• _What you need to do_:
Your job is to reproduce all of the data exactly.

• _Data segment_:
BEGIN
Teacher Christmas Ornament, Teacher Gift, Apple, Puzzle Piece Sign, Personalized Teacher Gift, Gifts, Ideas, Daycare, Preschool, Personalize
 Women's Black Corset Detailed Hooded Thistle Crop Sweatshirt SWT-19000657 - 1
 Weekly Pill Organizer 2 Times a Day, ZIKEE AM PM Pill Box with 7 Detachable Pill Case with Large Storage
END
• _Result_:
Teacher Christmas Ornament, Teacher Gift, Apple, Puzzle Piece Sign, Personalized Teacher Gift, Gifts, Ideas, Daycare, Preschool, Personalize
 Women's Black Corset Detailed Hooded Thistle Crop Sweatshirt SWT-19000657 - 1
 Weekly Pill Organizer 2 Times a Day, ZIKEE AM PM Pill Box with 7 Detachable Pill Case with Large Storage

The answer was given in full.